PROBLEM REQUIREMENTS.
A faithful copy is required. Print each line of the data exactly and omit the pictures.

════

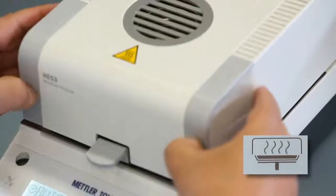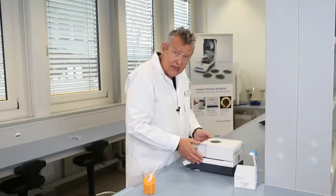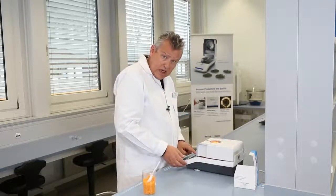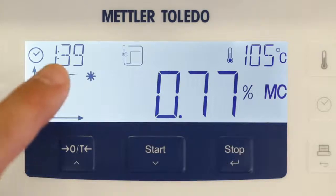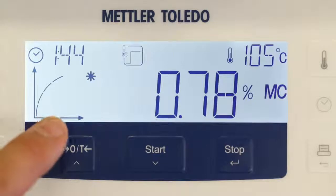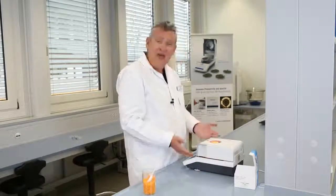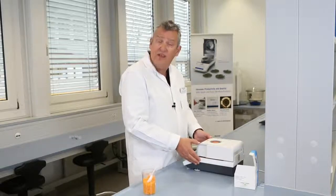Close the lid and press start. The instrument starts to heat immediately, as you can see from the halogen lamp. Notice the graphic indication on the display. You can see the current moisture content, the elapsed time, the current drying temperature, and the graphical progress indicator which provides an overview of the measurement's progress. The audible beep at the end of the measurement indicates that the measurement is completed.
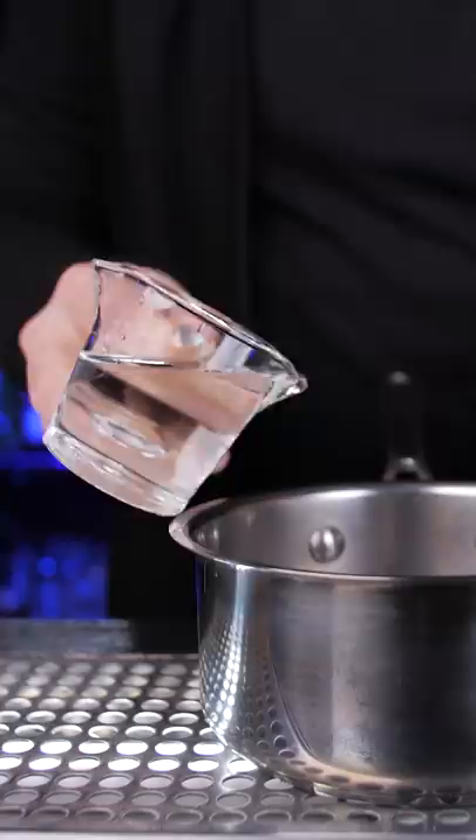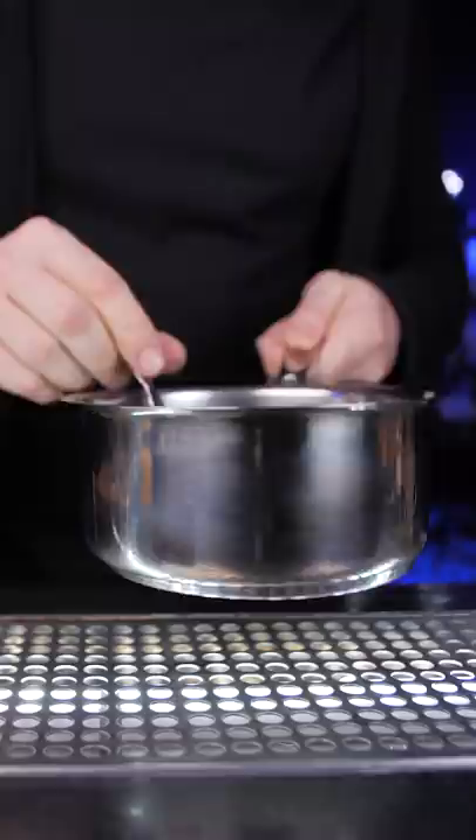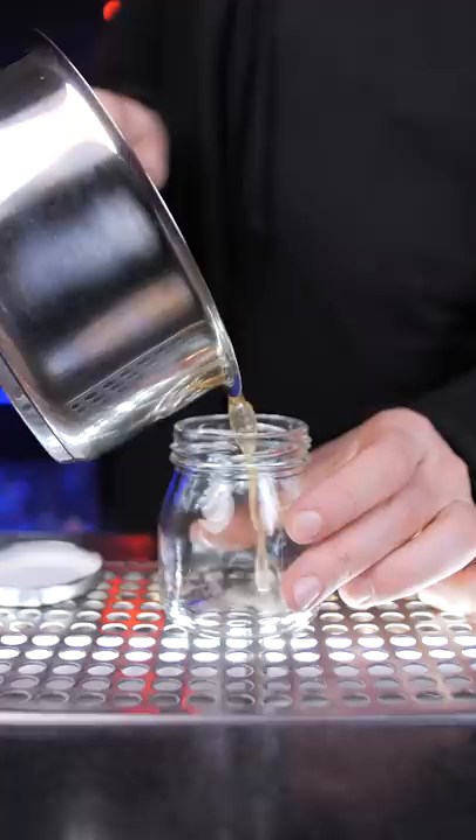I usually don't make a lot, just enough to make a few drinks. In a small saucepan, pour water and honey. Stir it over medium or low heat until the honey is fully dissolved. Then cool it and pour into a separate bottle or jar. It can live happily in your refrigerator for up to a month.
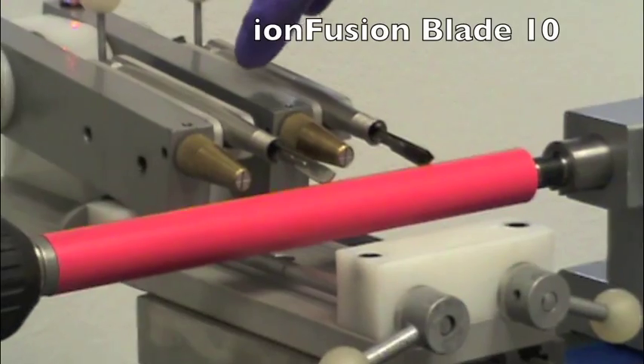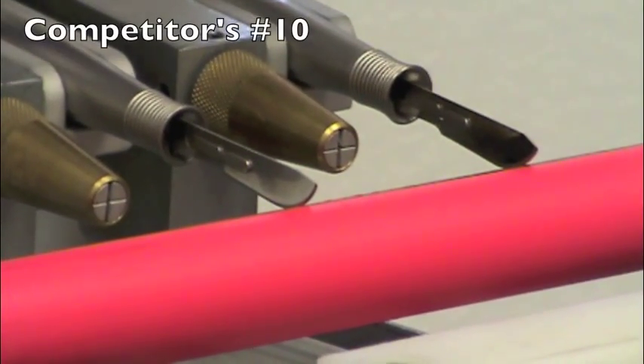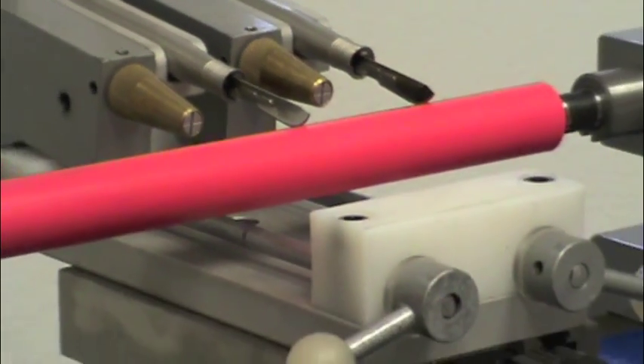On the right is Ion Fusion number 10 scalpel blade. On the left is our leading competitor's number 10 scalpel blade. I will now start the test.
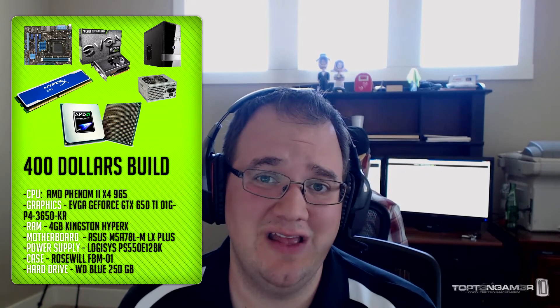That is our $400 build. Another thing you might want to consider upgrading to is the GTX 650 Ti Boost, which has had some awesome benchmarks lately. You can do that for around $15 more and it should give you a considerable amount of performance boost overall. One note on the GTX 650 Ti Boost — I am not 100% positive that that particular card will fit into the Rosewill case.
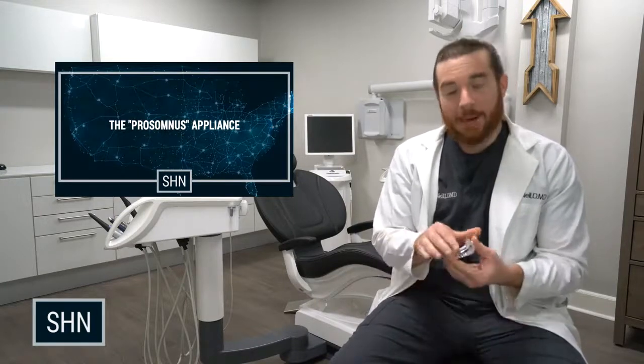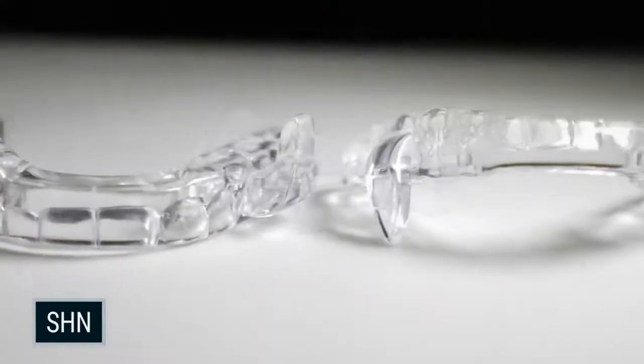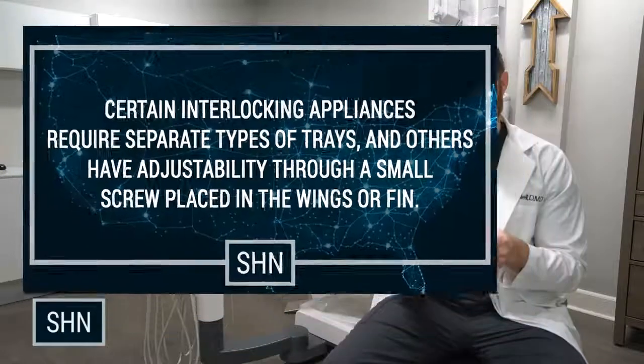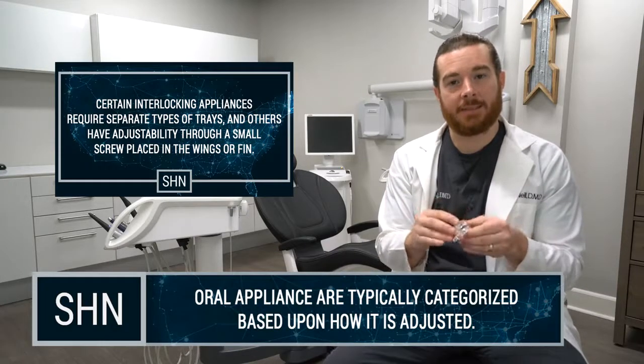There's an extralateral play that you can add on the side wings or fins. Remember, the appliance is interlocking. For the interlocking device, you're going to have these side wings or fins that are actually fixed to the appliance. They can be moved based upon ordering separate trays. The appliance is not actually connected, so it's different than other styles of appliances that are actually connected.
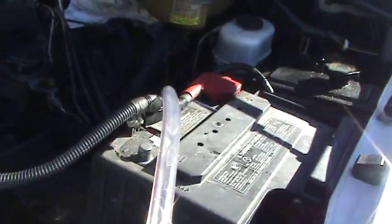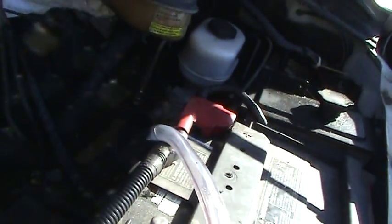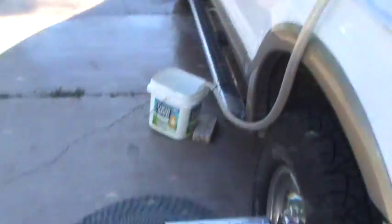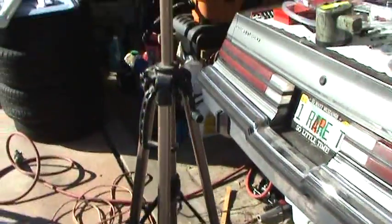After flushing out the heater core — since I used tap water — I'm going to blow out the heater core lines. Everything's hooked up the way it was and the water's going to drain into that bucket. I'm going to have my assistant hold the camera for you.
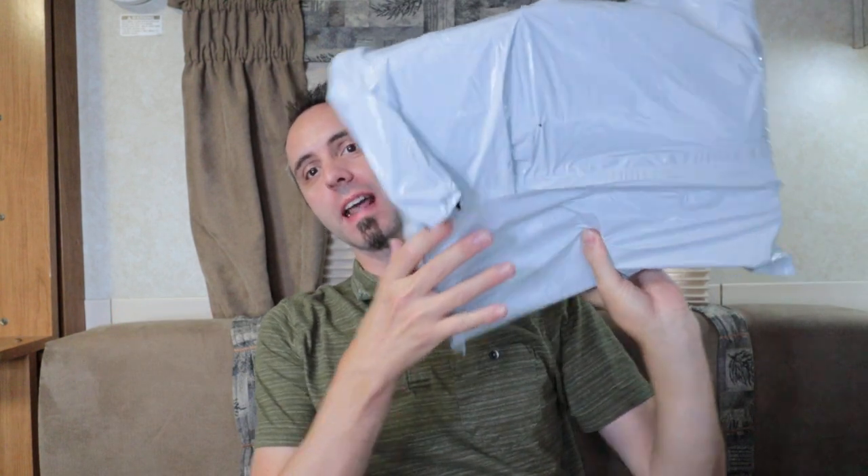We live in Louisiana where there is always a mosquito problem, and we're looking for the best bug zapper for mosquitoes. My friends over at BugMD reached out to me and they want me to do an unboxing of some of their bug killing devices.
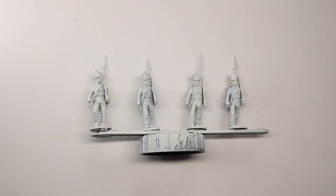Hi everybody, welcome back to another Napoleonic painting guide. We're going to have a look at painting some Italian troops. The Kingdom of Italy was allied with France, so using French models painted in different colours can represent Italians.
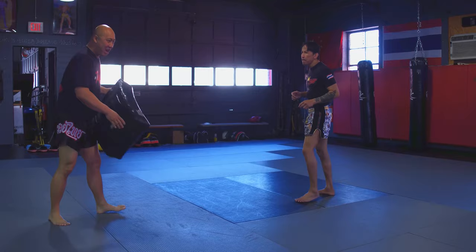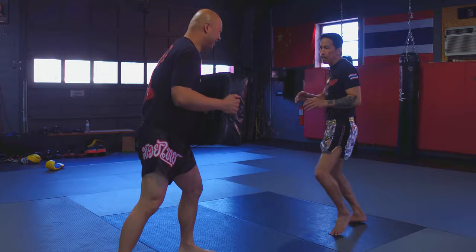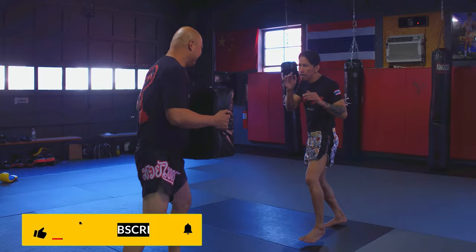So as he's doing that, he's going to go ahead and do it again. He throws that straight knee. It looks like he's throwing the teep, but he's faking it — so he's lifting up that lead foot, skips it, and then throws that straight knee into the person's body.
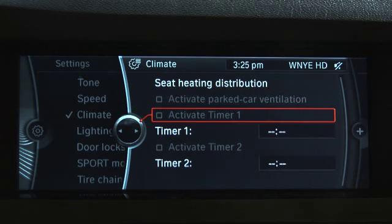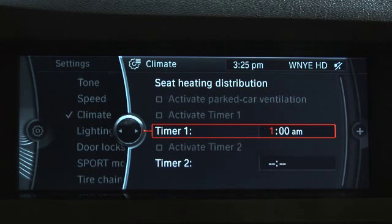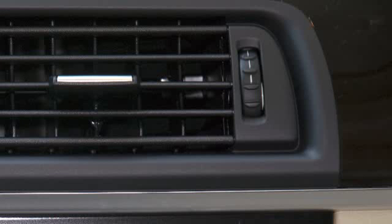The system can also be switched on or off directly by selecting 'Activate Parked Car Ventilation.' It will remain switched on for approximately 30 minutes. Be sure the air vents are open if you use this feature.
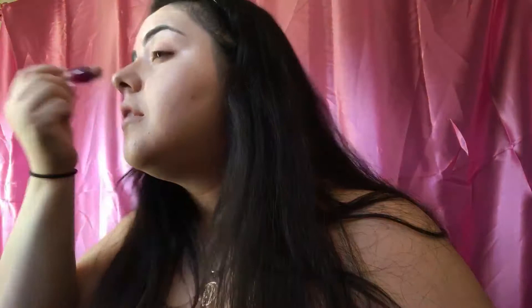Some people go super heavy with concealers. Some people barely dab some on. Depending on what concealer you're using, just play it by ear and see how much you think you're going to need. You can always build it — don't worry about adding more. And then we blend with the beauty blender.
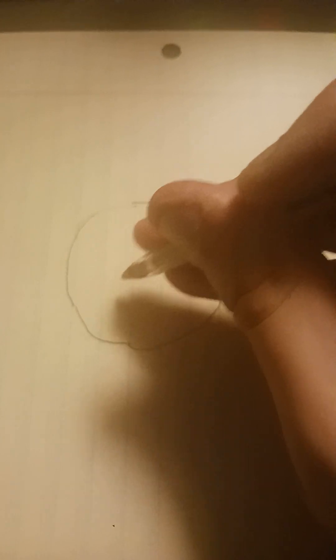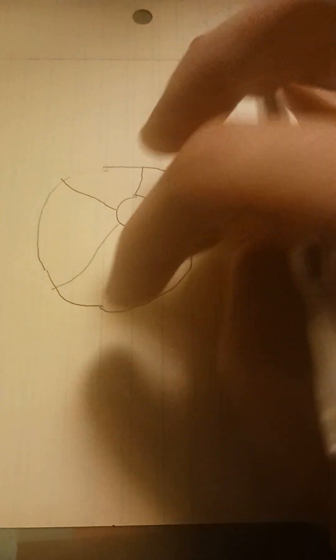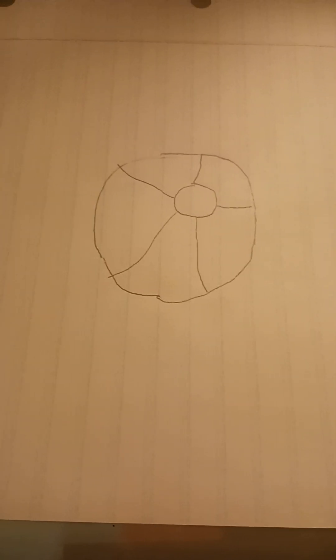Next let's draw the little circle like this, and then we can make the lines like this. And look at that guys — here's our beach ball! This is super easy, like one of the easiest drawings ever.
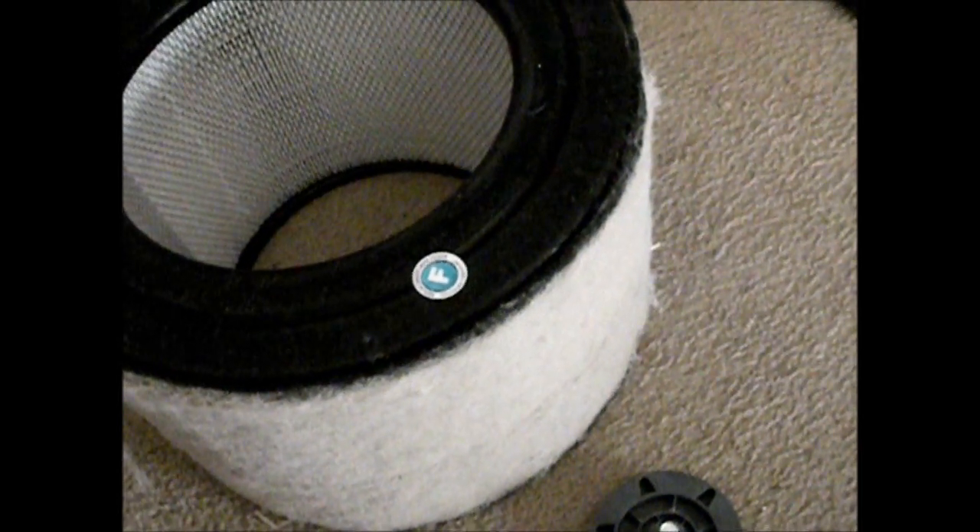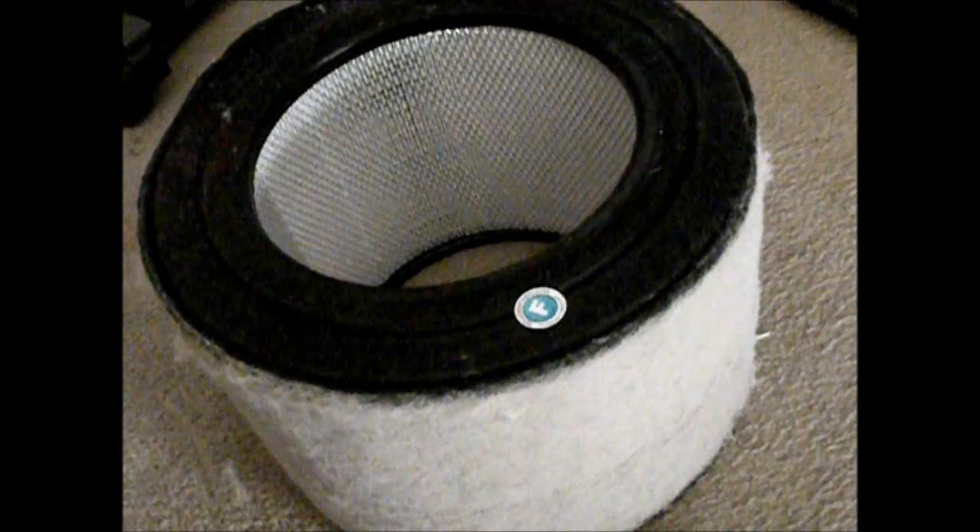Especially if you're not great at vacuuming like once a week — like certain people in this household aren't — it really helps with the dust and stuff. It's just a dusty area here because it's all dirt roads, and we're out in the country, there's a lot of pollen too. So these help a lot.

════

YOUR SOLUTION.
Close the lid and press start. The instrument starts to heat immediately, as you can see from the halogen lamp. Notice the graphic indication on the display. You can see the current moisture content, the elapsed time, the current drying temperature, and the graphical progress indicator which provides an overview of the measurement's progress. The audible beep at the end of the measurement indicates that the measurement is completed.
I usually don't make a lot, just enough to make a few drinks. In a small saucepan, pour water and honey. Stir it over medium or low heat until the honey is fully dissolved. Then cool it and pour into a separate bottle or jar. It can live happily in your refrigerator for up to a month.
On the right is Ion Fusion number 10 scalpel blade. On the left is our leading competitor's number 10 scalpel blade. I will now start the test.
That is our $400 build. Another thing you might want to consider upgrading to is the GTX 650 Ti Boost, which has had some awesome benchmarks lately. You can do that for around $15 more and it should give you a considerable amount of performance boost overall. One note on the GTX 650 Ti Boost — I am not 100% positive that that particular card will fit into the Rosewill case.
There's an extralateral play that you can add on the side wings or fins. Remember, the appliance is interlocking. For the interlocking device, you're going to have these side wings or fins that are actually fixed to the appliance. They can be moved based upon ordering separate trays. The appliance is not actually connected, so it's different than other styles of appliances that are actually connected.
After flushing out the heater core — since I used tap water — I'm going to blow out the heater core lines. Everything's hooked up the way it was and the water's going to drain into that bucket. I'm going to have my assistant hold the camera for you.
We live in Louisiana where there is always a mosquito problem, and we're looking for the best bug zapper for mosquitoes. My friends over at BugMD reached out to me and they want me to do an unboxing of some of their bug killing devices.
Hi everybody, welcome back to another Napoleonic painting guide. We're going to have a look at painting some Italian troops. The Kingdom of Italy was allied with France, so using French models painted in different colours can represent Italians.
So as he's doing that, he's going to go ahead and do it again. He throws that straight knee. It looks like he's throwing the teep, but he's faking it — so he's lifting up that lead foot, skips it, and then throws that straight knee into the person's body.
The system can also be switched on or off directly by selecting 'Activate Parked Car Ventilation.' It will remain switched on for approximately 30 minutes. Be sure the air vents are open if you use this feature.
Some people go super heavy with concealers. Some people barely dab some on. Depending on what concealer you're using, just play it by ear and see how much you think you're going to need. You can always build it — don't worry about adding more. And then we blend with the beauty blender.
Next let's draw the little circle like this, and then we can make the lines like this. And look at that guys — here's our beach ball! This is super easy, like one of the easiest drawings ever.
Especially if you're not great at vacuuming like once a week — like certain people in this household aren't — it really helps with the dust and stuff. It's just a dusty area here because it's all dirt roads, and we're out in the country, there's a lot of pollen too. So these help a lot.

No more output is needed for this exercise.